There will be scores of Indians, in all the panoply of war bonnets, gay blankets and beaded ornamentation,
accompanied by their squaws and papooses. There will be reckless riders from Cossac land, bull fighters and lariat
throwers from Mexico, and more other strange and curious people than have ever before, it is declared, been seen
in a single street display.
With all this there will be an unusually notable exhibition of fine horses in the gorgeous tableaux section, which serves
to illustrate in a series of living pictures scenes and incidents in the stirring days of the pioneers.

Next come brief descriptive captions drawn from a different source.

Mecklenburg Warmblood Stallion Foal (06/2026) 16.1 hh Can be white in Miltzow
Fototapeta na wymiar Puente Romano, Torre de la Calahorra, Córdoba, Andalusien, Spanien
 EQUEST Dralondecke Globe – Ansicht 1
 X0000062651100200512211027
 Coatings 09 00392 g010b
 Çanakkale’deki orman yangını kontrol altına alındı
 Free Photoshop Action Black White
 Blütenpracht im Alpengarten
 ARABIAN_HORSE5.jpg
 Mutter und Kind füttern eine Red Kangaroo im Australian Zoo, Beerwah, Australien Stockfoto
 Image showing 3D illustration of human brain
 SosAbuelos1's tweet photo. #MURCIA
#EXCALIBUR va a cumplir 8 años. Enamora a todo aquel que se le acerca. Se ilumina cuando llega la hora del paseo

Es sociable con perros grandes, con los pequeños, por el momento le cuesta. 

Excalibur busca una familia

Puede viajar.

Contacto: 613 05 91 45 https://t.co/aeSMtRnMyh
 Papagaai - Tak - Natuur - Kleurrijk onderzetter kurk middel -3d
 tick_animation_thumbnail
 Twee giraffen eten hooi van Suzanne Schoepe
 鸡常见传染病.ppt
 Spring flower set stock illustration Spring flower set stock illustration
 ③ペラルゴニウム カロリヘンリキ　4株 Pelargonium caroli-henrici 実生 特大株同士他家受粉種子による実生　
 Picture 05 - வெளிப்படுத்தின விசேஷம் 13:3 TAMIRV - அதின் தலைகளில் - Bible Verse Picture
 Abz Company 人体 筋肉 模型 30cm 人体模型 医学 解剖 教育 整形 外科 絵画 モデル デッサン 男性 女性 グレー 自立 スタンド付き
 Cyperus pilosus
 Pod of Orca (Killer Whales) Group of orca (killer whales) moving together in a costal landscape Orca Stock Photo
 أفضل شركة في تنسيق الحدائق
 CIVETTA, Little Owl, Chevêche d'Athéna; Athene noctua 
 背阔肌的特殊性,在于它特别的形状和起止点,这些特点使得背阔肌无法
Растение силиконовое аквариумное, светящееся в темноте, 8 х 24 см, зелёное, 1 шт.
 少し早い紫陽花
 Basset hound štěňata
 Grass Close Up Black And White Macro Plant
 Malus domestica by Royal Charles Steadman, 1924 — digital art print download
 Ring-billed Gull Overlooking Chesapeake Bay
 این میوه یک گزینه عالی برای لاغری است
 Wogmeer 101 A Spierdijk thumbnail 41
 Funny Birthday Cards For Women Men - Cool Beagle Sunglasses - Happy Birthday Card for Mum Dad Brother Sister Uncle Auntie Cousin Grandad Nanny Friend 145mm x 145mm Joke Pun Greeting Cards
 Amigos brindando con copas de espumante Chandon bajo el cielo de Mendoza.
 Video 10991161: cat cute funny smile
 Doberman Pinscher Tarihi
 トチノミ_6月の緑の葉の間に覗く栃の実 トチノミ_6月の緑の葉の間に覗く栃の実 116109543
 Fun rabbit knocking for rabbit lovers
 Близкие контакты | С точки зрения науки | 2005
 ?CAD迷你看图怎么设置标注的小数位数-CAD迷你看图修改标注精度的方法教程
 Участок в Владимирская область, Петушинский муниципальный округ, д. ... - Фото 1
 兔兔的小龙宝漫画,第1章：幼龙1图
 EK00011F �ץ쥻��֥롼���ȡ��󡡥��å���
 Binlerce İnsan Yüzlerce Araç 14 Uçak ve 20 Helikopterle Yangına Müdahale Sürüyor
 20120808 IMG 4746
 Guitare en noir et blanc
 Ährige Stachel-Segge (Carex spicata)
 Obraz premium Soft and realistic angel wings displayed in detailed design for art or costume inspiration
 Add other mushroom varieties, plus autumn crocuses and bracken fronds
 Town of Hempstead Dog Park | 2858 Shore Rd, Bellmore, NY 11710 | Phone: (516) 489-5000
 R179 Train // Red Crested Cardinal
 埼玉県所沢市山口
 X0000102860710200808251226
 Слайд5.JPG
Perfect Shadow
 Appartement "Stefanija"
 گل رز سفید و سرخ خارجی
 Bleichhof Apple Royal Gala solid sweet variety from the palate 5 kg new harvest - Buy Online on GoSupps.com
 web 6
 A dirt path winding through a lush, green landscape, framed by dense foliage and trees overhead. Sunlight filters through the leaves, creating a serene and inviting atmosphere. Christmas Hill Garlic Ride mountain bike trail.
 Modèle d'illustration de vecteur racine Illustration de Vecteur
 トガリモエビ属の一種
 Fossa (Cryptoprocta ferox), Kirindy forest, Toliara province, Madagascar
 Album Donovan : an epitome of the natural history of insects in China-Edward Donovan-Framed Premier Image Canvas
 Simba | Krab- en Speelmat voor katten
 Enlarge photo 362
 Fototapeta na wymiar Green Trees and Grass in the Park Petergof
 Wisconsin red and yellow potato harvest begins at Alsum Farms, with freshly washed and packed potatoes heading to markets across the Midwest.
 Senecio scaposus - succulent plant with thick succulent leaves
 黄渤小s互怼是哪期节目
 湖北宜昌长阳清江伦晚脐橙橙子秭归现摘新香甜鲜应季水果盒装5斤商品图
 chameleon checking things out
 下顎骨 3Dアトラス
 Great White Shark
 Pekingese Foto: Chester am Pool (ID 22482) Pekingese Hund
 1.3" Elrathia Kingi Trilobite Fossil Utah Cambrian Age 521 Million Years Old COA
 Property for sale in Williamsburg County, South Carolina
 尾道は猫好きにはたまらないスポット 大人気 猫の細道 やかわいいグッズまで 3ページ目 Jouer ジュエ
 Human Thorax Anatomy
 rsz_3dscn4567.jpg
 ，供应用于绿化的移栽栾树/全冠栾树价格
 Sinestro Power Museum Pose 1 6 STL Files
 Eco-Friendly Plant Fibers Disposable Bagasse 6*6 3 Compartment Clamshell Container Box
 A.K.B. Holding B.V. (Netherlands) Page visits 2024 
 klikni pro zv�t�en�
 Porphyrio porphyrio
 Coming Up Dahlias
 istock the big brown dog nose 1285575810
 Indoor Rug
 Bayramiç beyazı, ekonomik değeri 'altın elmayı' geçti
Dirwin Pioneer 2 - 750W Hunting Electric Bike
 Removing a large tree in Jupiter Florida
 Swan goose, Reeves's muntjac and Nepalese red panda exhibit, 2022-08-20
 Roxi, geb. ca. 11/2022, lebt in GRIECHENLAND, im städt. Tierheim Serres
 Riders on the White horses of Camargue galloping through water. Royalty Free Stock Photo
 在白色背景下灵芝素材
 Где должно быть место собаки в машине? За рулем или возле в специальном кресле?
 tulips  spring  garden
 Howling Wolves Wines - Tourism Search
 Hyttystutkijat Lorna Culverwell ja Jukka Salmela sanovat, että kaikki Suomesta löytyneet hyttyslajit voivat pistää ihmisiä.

Ten kinds of music will enliven the Thursday morning street parade, and the oldest genuine stage coach in existence
will be driven by one of the most famous of the old time overland mail drivers.
PARADE AS PRELIMINARY
The parade will be preliminary to what is expected to prove one of the most interesting and complete Wild
West exhibitions even seen in this city. A performance of infinite variety is promised. Colonel Zack Mulhall,
the famous Oklahoma rancher and founder of the town of Mulhall, and his equally famous daughters, Lucille and Georgia,
will give a series of remarkable exhibitions with the lariat and illustrate in an exciting way the ranch method of
controlling wild horses.
A big band of cowboys and cowgirls will give a genuine roundup with Texas steers, and incidentally contribute a few
exhilerating experiments in "bronco busting." There will be border drams, in which the Indians will be picturesquely
utilized, and Mexicans and Cossacks will contribute to the general strenuousness of the big show.
As an extra feature of sensational effectiveness there is an auto polo game, with four racing machines and expert players.
The afternoon and evening performances will begin at 2 and 8 o'clock. Tickets, on show days, may be purchased at
S. N. Wood & Co.'s store at Market and Fourth streets at the same price as on the show grounds.